To close this pull request, make a commit to your master/trunk branch
with (at least) the following in the commit message:

    This closes #4812
    
----
commit 00876ead7a4a7492d643f6cba3e784044c54669e
Author: Till Rohrmann <[email protected]>
Date:   2017-10-11T23:17:23Z

    [FLINK-7540] Apply consistent hostname normalization
    
    The hostname normalization is now applied when generationg the remote akka 
config.
    That way it should be ensured that all ActorSystems are bound to a 
normalized
    hostname.

----


> Akka hostnames are not normalised consistently
> ----------------------------------------------
>
>                 Key: FLINK-7540
>                 URL: https://issues.apache.org/jira/browse/FLINK-7540
>             Project: Flink
>          Issue Type: Bug
>          Components: Distributed Coordination, YARN
>    Affects Versions: 1.3.1, 1.4.0, 1.3.2
>            Reporter: Tong Yan Ou
>            Assignee: Till Rohrmann
>            Priority: Critical
>              Labels: patch
>             Fix For: 1.3.3
>
>   Original Estimate: 336h
>  Remaining Estimate: 336h
>
> In {{NetUtils.unresolvedHostToNormalizedString()}} we lowercase hostnames, 
> Akka seems to preserve the uppercase/lowercase distinctions when starting the 
> Actor. This leads to problems because other parts (for example 
> {{JobManagerRetriever}}) cannot find the actor leading to a nonfunctional 
> cluster.
> h1. Original Issue Text
> Hostnames in my  hadoop cluster are like these: “DSJ-RTB-4T-177”,” 
> DSJ-signal-900G-71”
> When using the following command:
> ./bin/flink run -m yarn-cluster -yn 1 -yqu xl_trip -yjm 1024 
> ~/flink-1.3.1/examples/batch/WordCount.jar --input 
> /user/all_trip_dev/test/testcount.txt --output /user/all_trip_dev/test/result 
>  
> Or
> ./bin/yarn-session.sh -d -jm 6144  -tm 12288 -qu xl_trip -s 24 -n 5 -nm 
> "flink-YarnSession-jm6144-tm12288-s24-n5-xl_trip"
> There will be some exceptions at Command line interface:
> java.lang.RuntimeException: Unable to get ClusterClient status from 
> Application Client
> at 
> org.apache.flink.yarn.YarnClusterClient.getClusterStatus(YarnClusterClient.java:243)
> …
> Caused by: org.apache.flink.util.FlinkException: Could not connect to the 
> leading JobManager. Please check that the JobManager is running.
> h4. Then the job fails , starting the yarn-session is the same.
> The exceptions of the application log:
> 2017-08-10 17:36:10,334 WARN  
> org.apache.flink.runtime.webmonitor.JobManagerRetriever       - Failed to 
> retrieve leader gateway and port.
> akka.actor.ActorNotFound: Actor not found for: 
> ActorSelection[Anchor(akka.tcp://flink@dsj-signal-4t-248:65082/), 
> Path(/user/jobmanager)]
> …
> 2017-08-10 17:36:10,837 ERROR org.apache.flink.yarn.YarnFlinkResourceManager  
>               - Resource manager could not register at JobManager
> akka.pattern.AskTimeoutException: Ask timed out on 
> [ActorSelection[Anchor(akka.tcp://flink@dsj-signal-4t-248:65082/), 
> Path(/user/jobmanager)]] after [10000 ms]

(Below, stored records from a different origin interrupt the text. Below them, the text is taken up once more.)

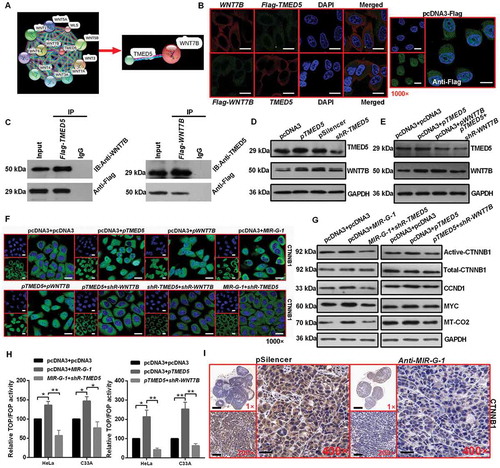 Figure 7. Interaction of TMED5 and WNT7B activates the WNT-CTNNB1/β-catenin pathway. (a) STRING showed the predicted interacting proteins of TMED5. (b) IF assay showed the overlapping distribution of TMED5 and WNT7B in HeLa cells. Scale bar: 50 μm. (c) IP assay showed the interaction of TMED5 and WNT7B in HeLa cells. (d-e) Western blot assay showed the expression levels of TMED5 and WNT7B in HeLa cells transfected with the indicated plasmids. (f) IF assay showed the distribution of CTNNB1 in HeLa cells transfected with the indicated plasmids. Scale bar: 80 μm. (g) Western blot assay showed the expression levels of total-CTNNB1, active-CTNNB1, CCND1, MYC and MT-CO2/COX2 in HeLa cells transfected with the indicated plasmids. (h) Top/Fop luciferase reporter assay was performed to detect the WNT activity. (i) IHC showed the expression levels of CTNNB1 in subcutaneous xenotransplanted tumor tissue. Scale bar: 50 μm. Experiments were performed 3 times, and data are presented as means ± SD. *P < 0.05; **P < 0.01; ***P < 0.001; ns, not significant.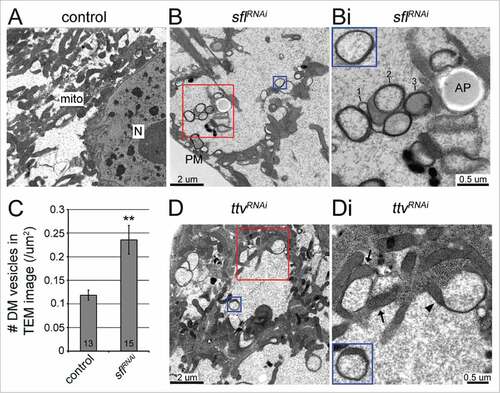 Figure 3. Accumulation of membrane-bound structures in muscle cells of larvae with compromised HS biosynthesis. (A, B and Bi) Electron micrographs of subsynaptic cytosol in controls (A: Mef2-GAL4/+) and animals expressing sfl RNAi in the muscle (B and Bi: Mef2-GAL4>UAS-sfl RNAi). (Bi) Higher magnification view of structures in the red box (whole panel) and the blue box (inset) from (B). In addition to classical autophagosomes, there are groups of membrane bound structures, some with single membrane layers (1), or nested within one another (2), and double-membrane-bound structures filled with electron dense material (3) and cytosol (inset). Mef2-GAL4>UAS-sfl RNAi animals have many more vesicular structures than controls, quantified in (C). mito: mitochondria; N: nucleus; AP: autophagosome, PM: plasma membrane. (D) Mef2-GAL4>UAS-ttv RNAi animals harbor similar membranous structures. (Di) A higher magnification view of the red-boxed area in (D) (whole panel) and the blue box (inset). Vesicles appear adjacent to mitochondria (arrows). Crescent shaped thick membrane sheets containing regions of mitochondrial matrix (arrowhead) and closed vesicles with mitochondrial matrix-like material remaining between the layers (inset) are common. Scale bars: 2 μm (A and B as well as D), 0.5 μm (Bi and Di). Error bars denote SEM. **, P < 0.01. Numbers at the bottom of the bars indicate sample sizes.
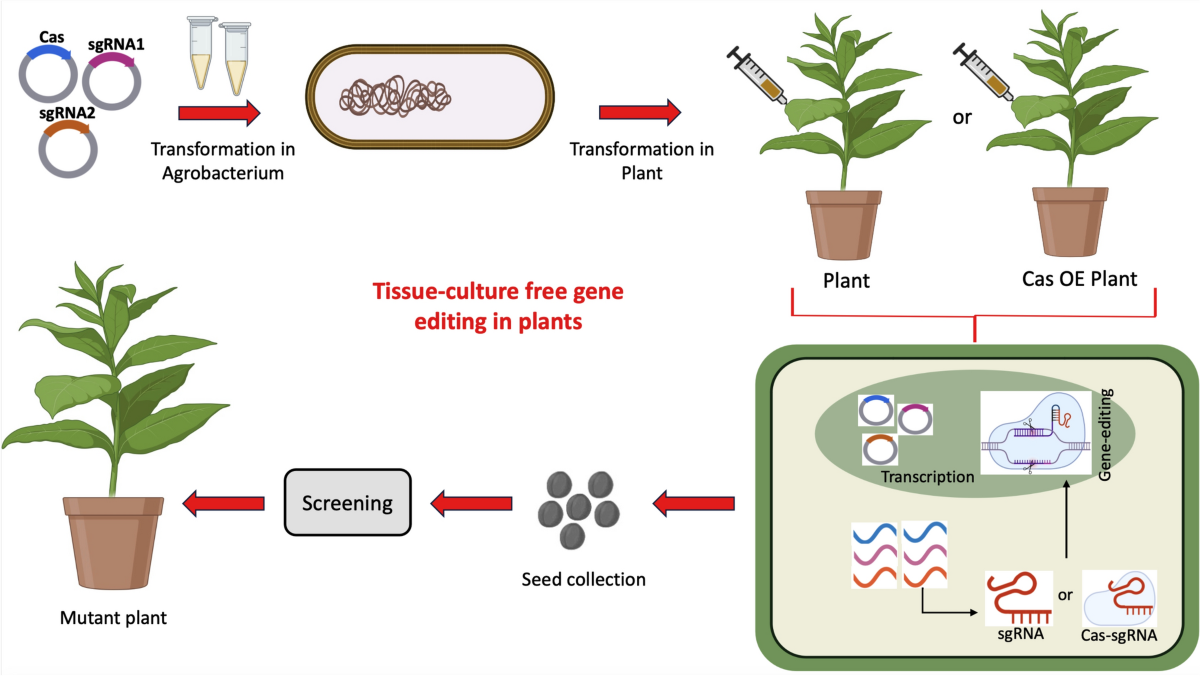 Tissue-culture free gene editing in plants using virus-induced gene editing:  a brief overview | The Nucleus | Springer Nature Link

> And I found some differences in actor System:
> 2017-08-10 17:35:56,791 INFO  org.apache.flink.yarn.YarnJobManager            
>               - Starting JobManager at 
> akka.tcp://flink@DSJ-signal-4T-248:65082/user/jobmanager.

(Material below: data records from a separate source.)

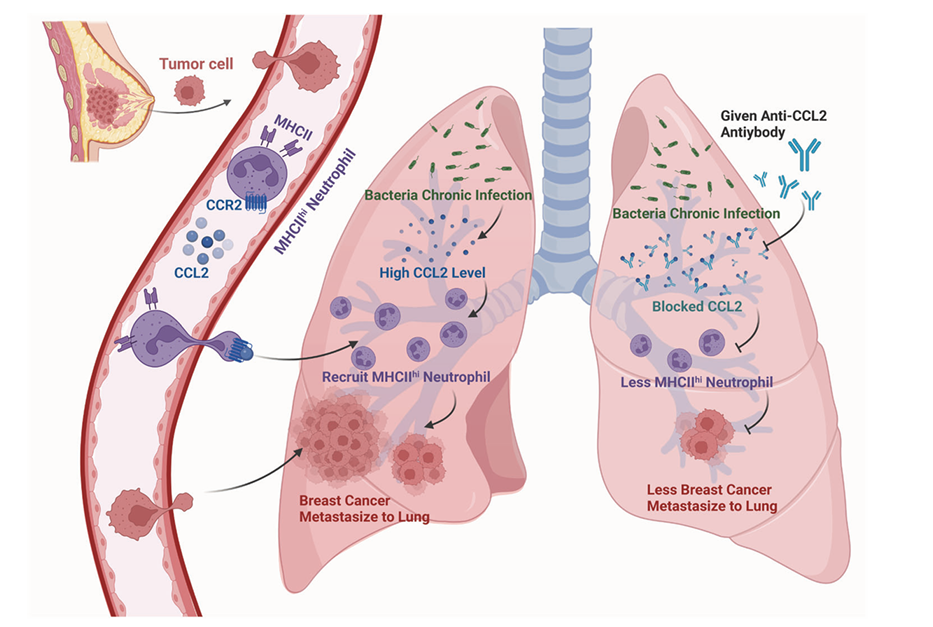 Lentivirus Cases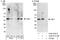 Ubiquitin Like 7 antibody, A302-971A, Bethyl Labs, Western Blot image 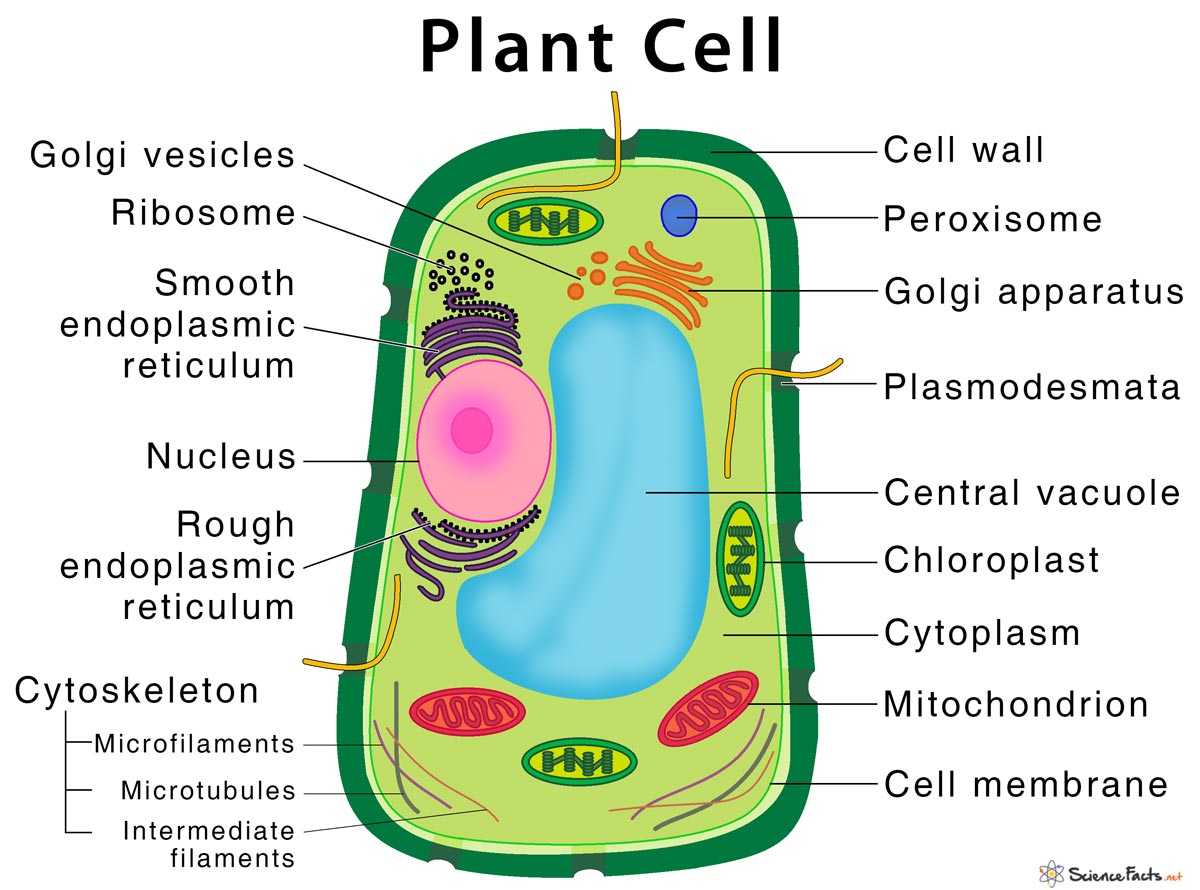 Eukaryotic cells; have a true nucleus along with specialized structures called organelles that carry out different functions; round shape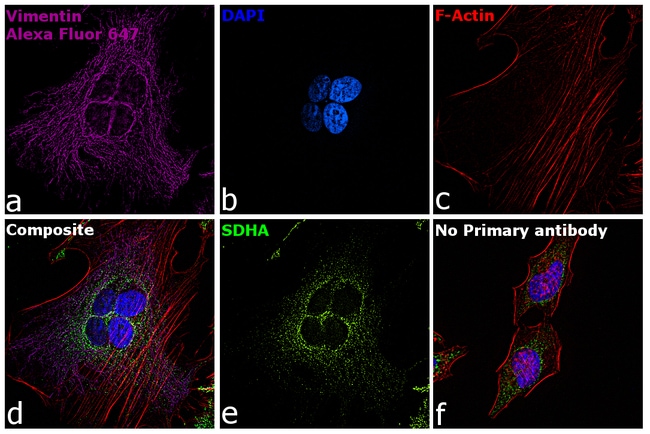 Donkey anti-Chicken IgY (H+L) Highly Cross Adsorbed Secondary Antibody, Alexa Fluor 647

> 2017-08-10 17:35:56,880 INFO  org.apache.flink.yarn.YarnJobManager            
>               - JobManager 
> akka.tcp://flink@DSJ-signal-4T-248:65082/user/jobmanager was granted 
> leadership with leader session ID Some(00000000-0000-0000-0000-000000000000).

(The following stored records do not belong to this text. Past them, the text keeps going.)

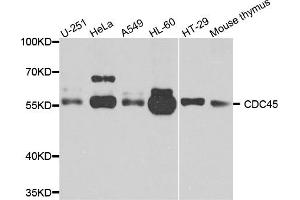 Western blot analysis of extracts of various cells, using cdc45 antibody. (CDC45 antibody)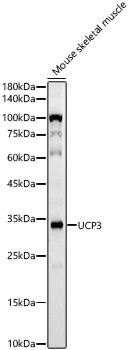 UCP3 Antibody (10I0J9)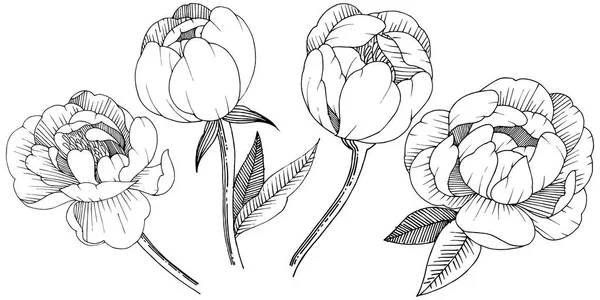 Peonía Estilo Vectorial Aislado Nombre Completo Planta Peony Flor Vectorial — Archivo Imágenes Vectoriales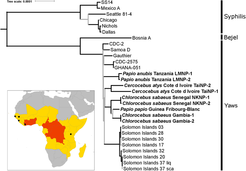 Phylogenomic analysis of nonhuman primate- and human-infecting Treponema pallidum strains.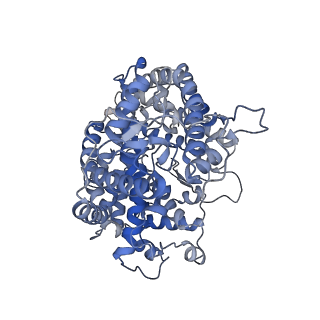 13799_7q49_A_v1-2
Local refinement structure of the N-domain of full-length, monomeric, soluble somatic angiotensin I-converting enzyme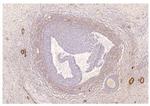 PDE8A Antibody in Immunohistochemistry (Paraffin) (IHC (P))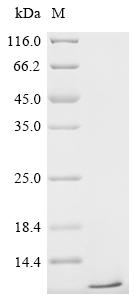 Recombinant Mycobacterium tuberculosis Metallothionein (mymT) - image 1
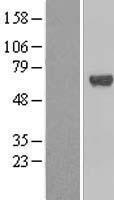 TFCP2 / CP2 Protein - Western validation with an anti-DDK antibody * L: Control HEK293 lysate R: Over-expression lysate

> 2017-08-10 17:36:00,312 INFO  
> org.apache.flink.runtime.webmonitor.WebRuntimeMonitor         - Web frontend 
> listening at 0:0:0:0:0:0:0:0:54921
> 2017-08-10 17:36:00,312 INFO  
> org.apache.flink.runtime.webmonitor.WebRuntimeMonitor         - Starting with 
> JobManager akka.tcp://flink@DSJ-signal-4T-248:65082/user/jobmanager on port 
> 54921
> 2017-08-10 17:36:00,313 INFO  
> org.apache.flink.runtime.webmonitor.JobManagerRetriever       - New leader 
> reachable under 
> akka.tcp://flink@dsj-signal-4t-248:65082/user/jobmanager:00000000-0000-0000-0000-000000000000.
> The JobManager is  “akka.tcp://flink@DSJ-signal-4T-248:65082” and the 
> JobManagerRetriever is “akka.tcp://flink@dsj-signal-4t-248:65082”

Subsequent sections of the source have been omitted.